What is needed is an exact copy of every line from the one with "- And you and Bugsy" to the end of the entries below, without the pictures.

**Collection entries**
####################

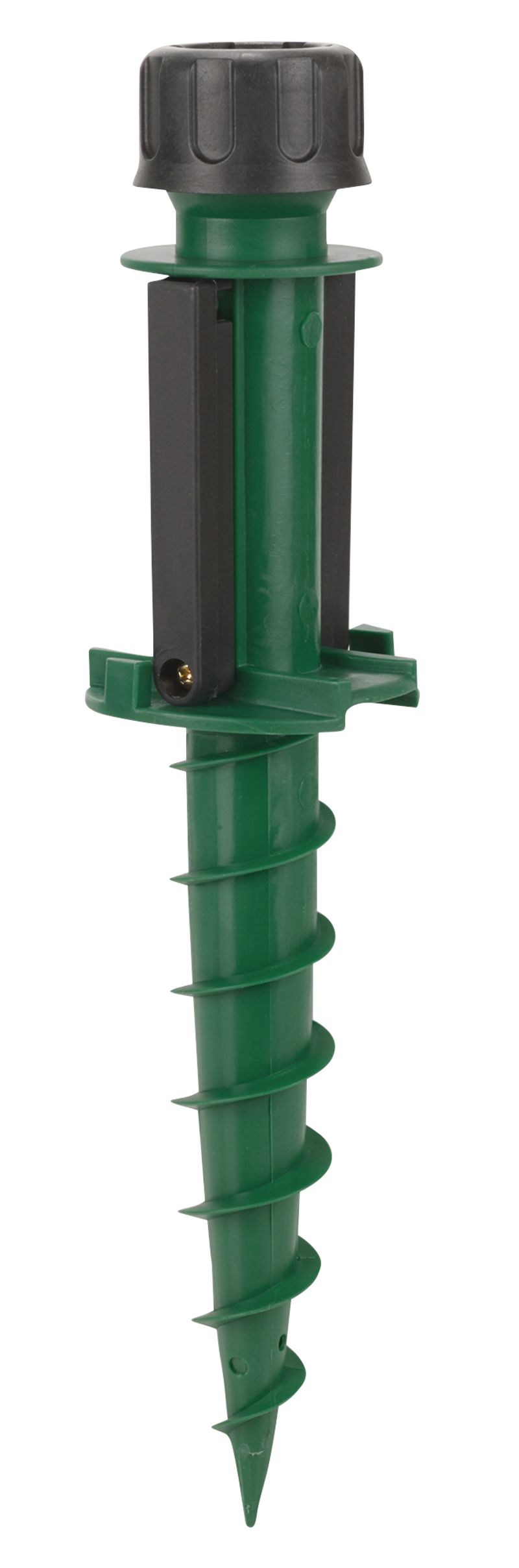 Suport metalic pentru umbrelă de plajă cu filet, Ø22-34 mm, Strend Pro [3]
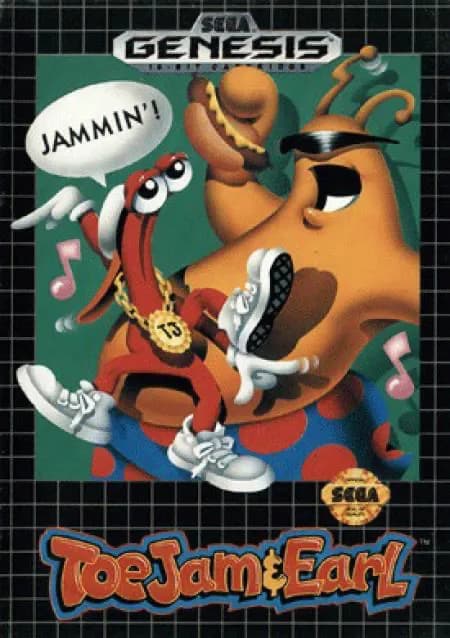 ToeJam and Earl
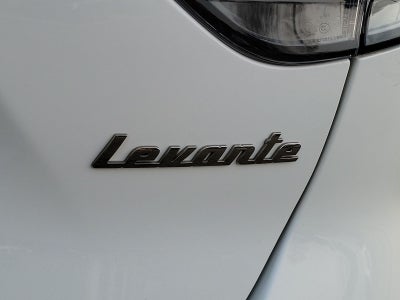 2024 Maserati Levante Modena Ultima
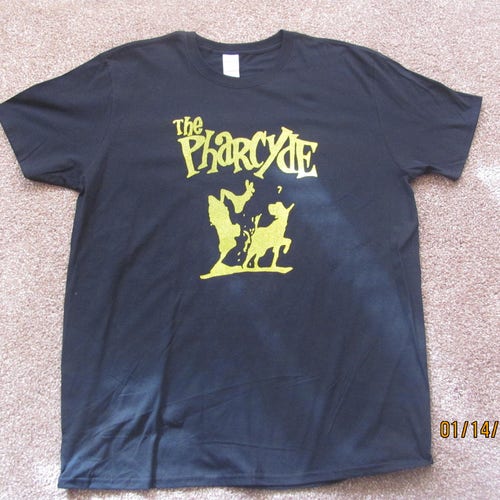 Pharcyde Bizarre Ride Promo Hoodie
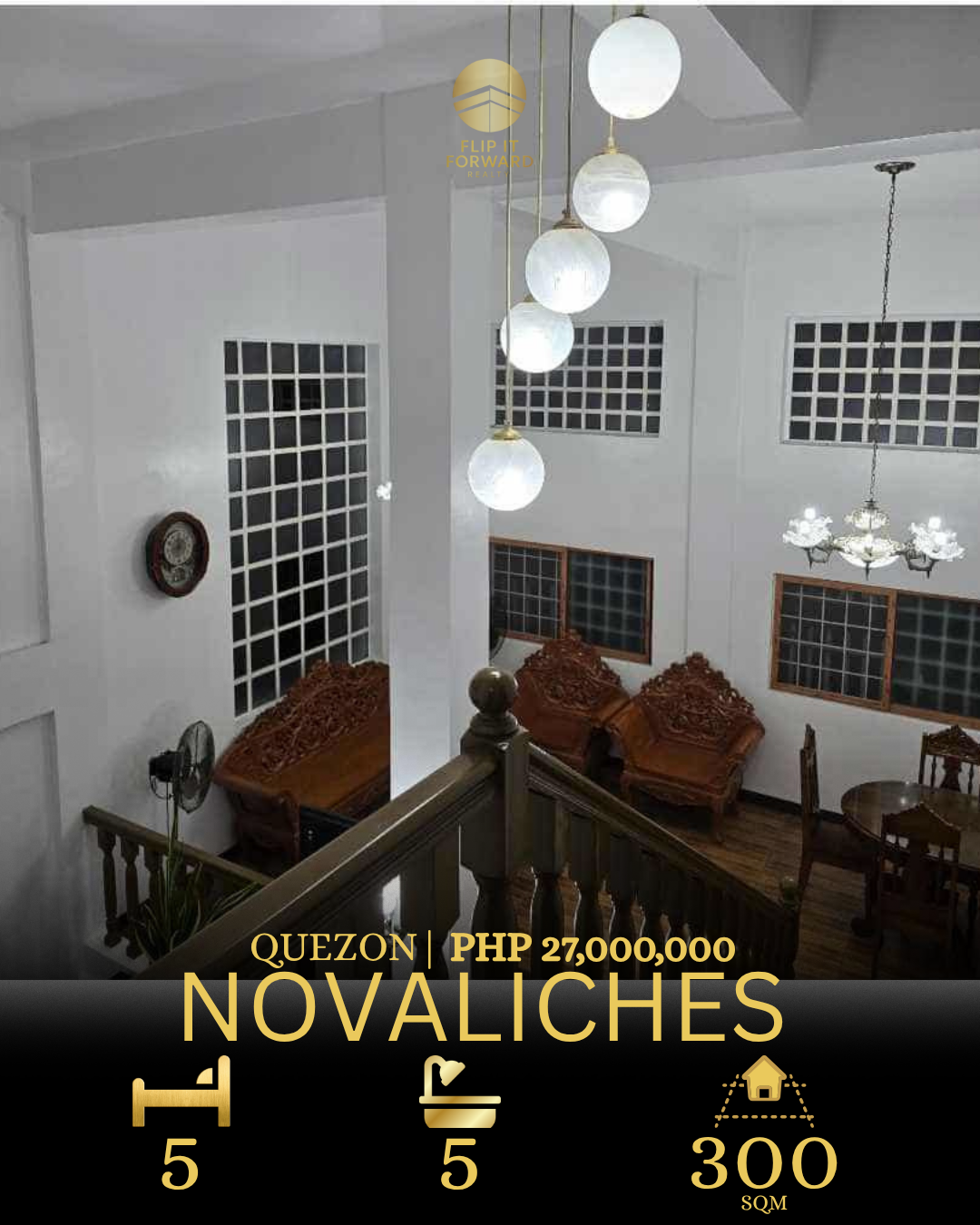 Quezon City House for Sale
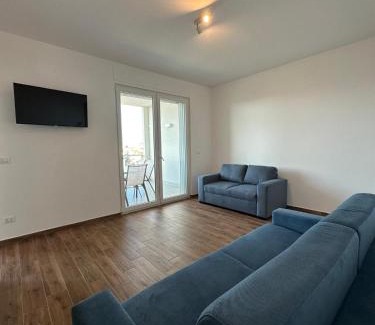 Municipio 3 Apartment | Bari San Francesco Mare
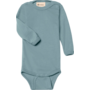 Engel Natur Wol Zijde romper mountain blue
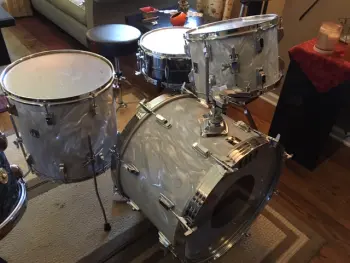 NDD: New Drumset Day
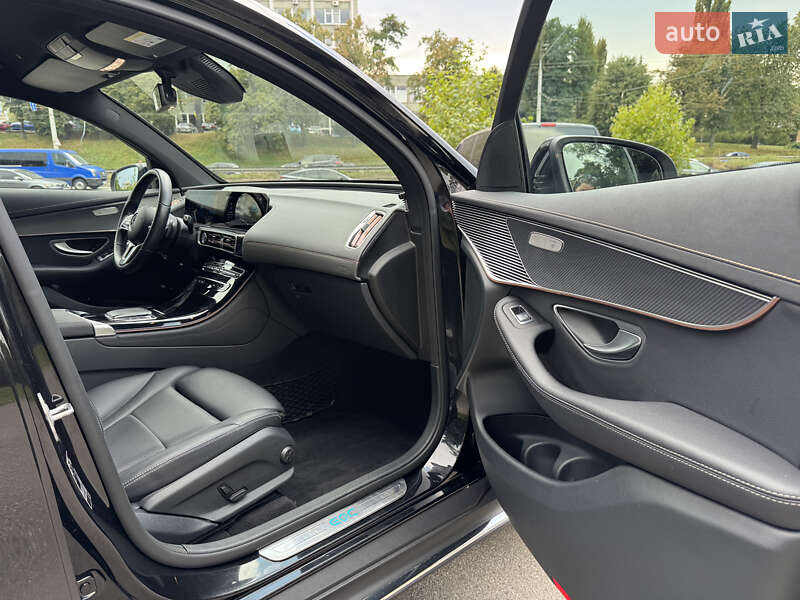 Позашляховик / Кросовер Mercedes-Benz EQC 2020 в Києві фото 26 Позашляховик / Кросовер Mercedes-Benz EQC 2020 в Києві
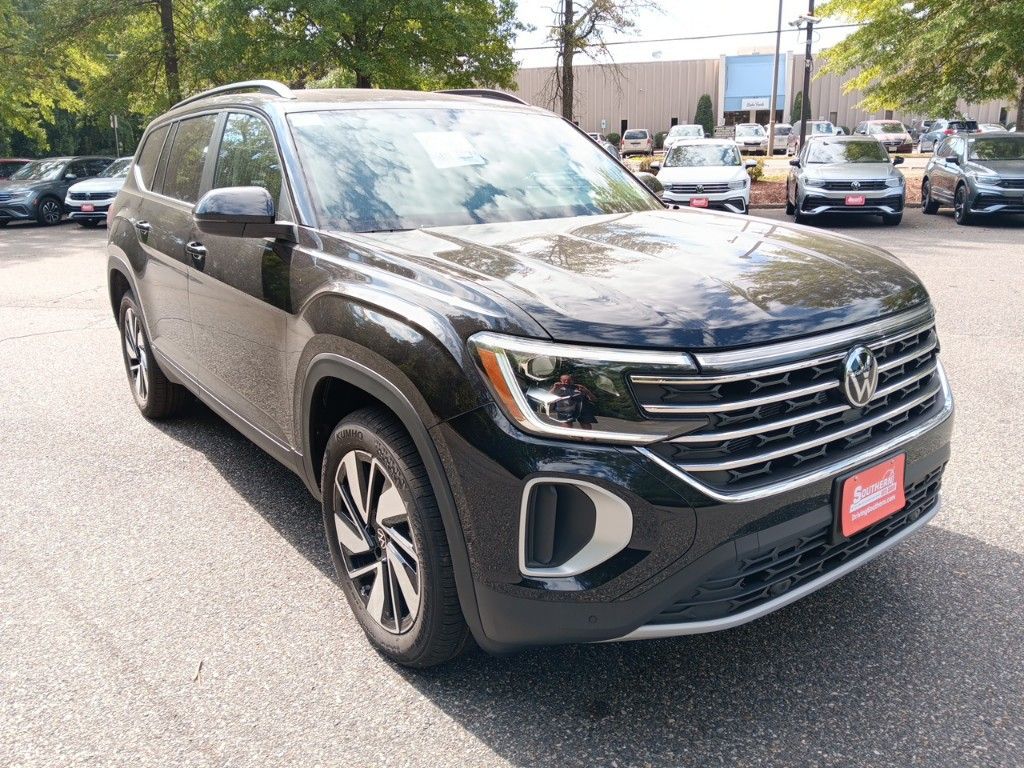 2024 Volkswagen Atlas 2.0T SE w/Technology 7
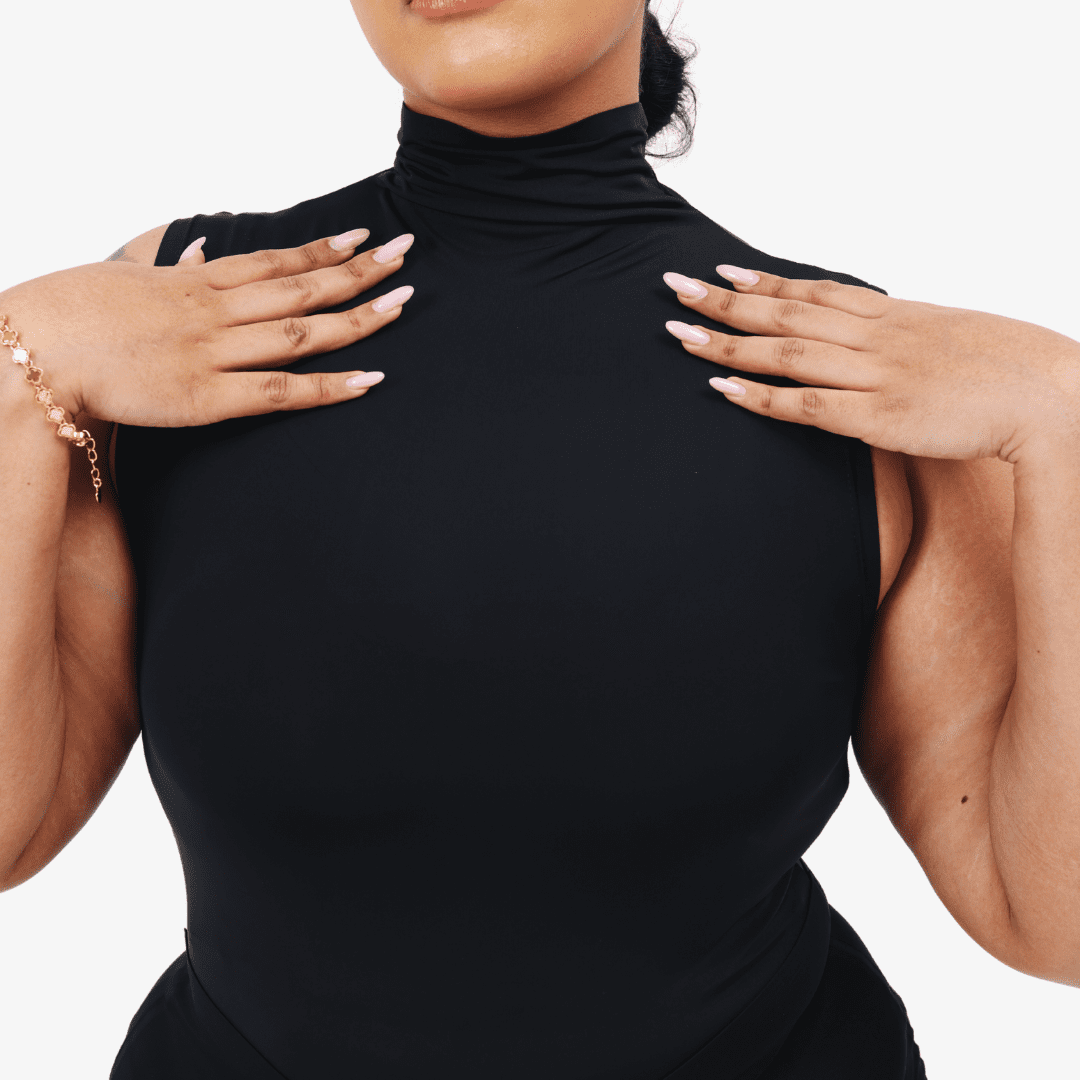 High Neck Inner Singlet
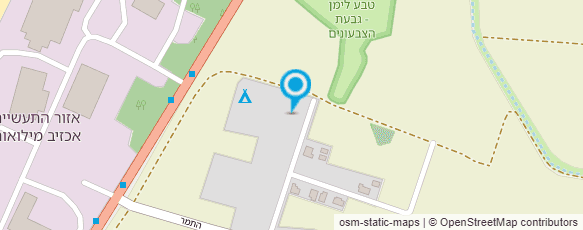 מפת הגעה אל אחוזת משכית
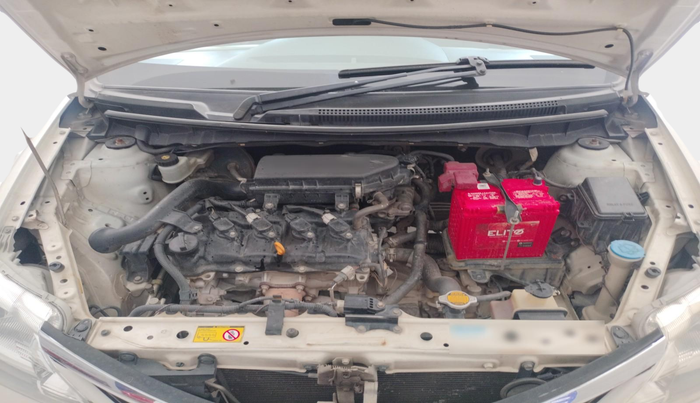 2015 Toyota Etios G, Petrol, Manual, 1,77,905 km, exterior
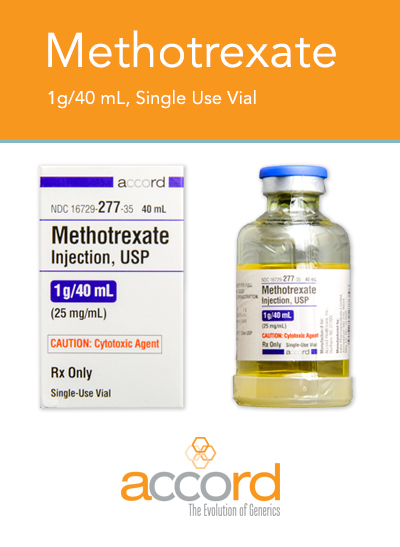 Methotrexate Injection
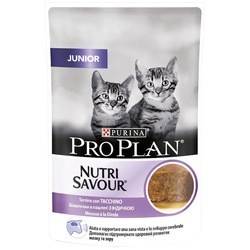 Pro Plan Kitten Healthy Start Turkey  4 pcs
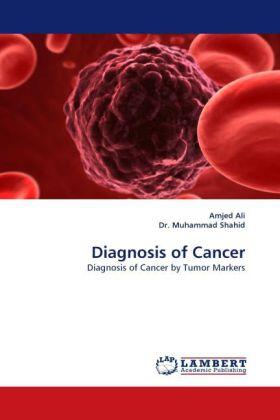 Ali |  Diagnosis of Cancer | Buch |  Sack Fachmedien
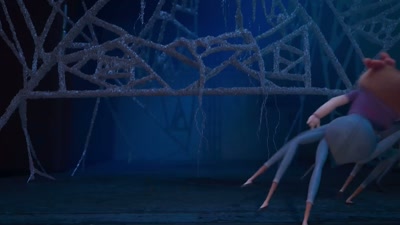- And you and Bugsy
missing the same limb, - Inspector Sun and the Curse of the Black Widow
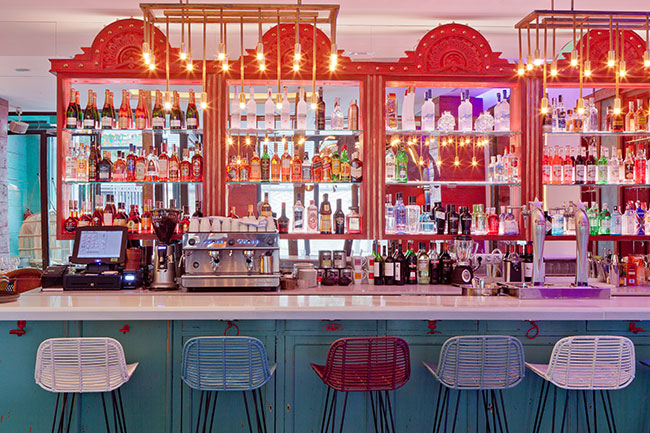 BANANAS Bites & Drinks (Barcelona)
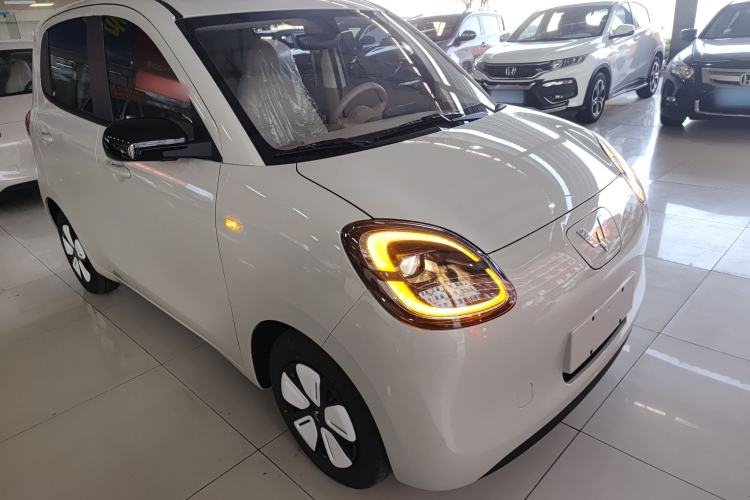 Used Wuling Hongguang MINIEV 2025 Four-Door Version Advanced Edition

####################

**Written answer**
- And you and Bugsy
missing the same limb, - Inspector Sun and the Curse of the Black Widow
 BANANAS Bites & Drinks (Barcelona)
 Used Wuling Hongguang MINIEV 2025 Four-Door Version Advanced Edition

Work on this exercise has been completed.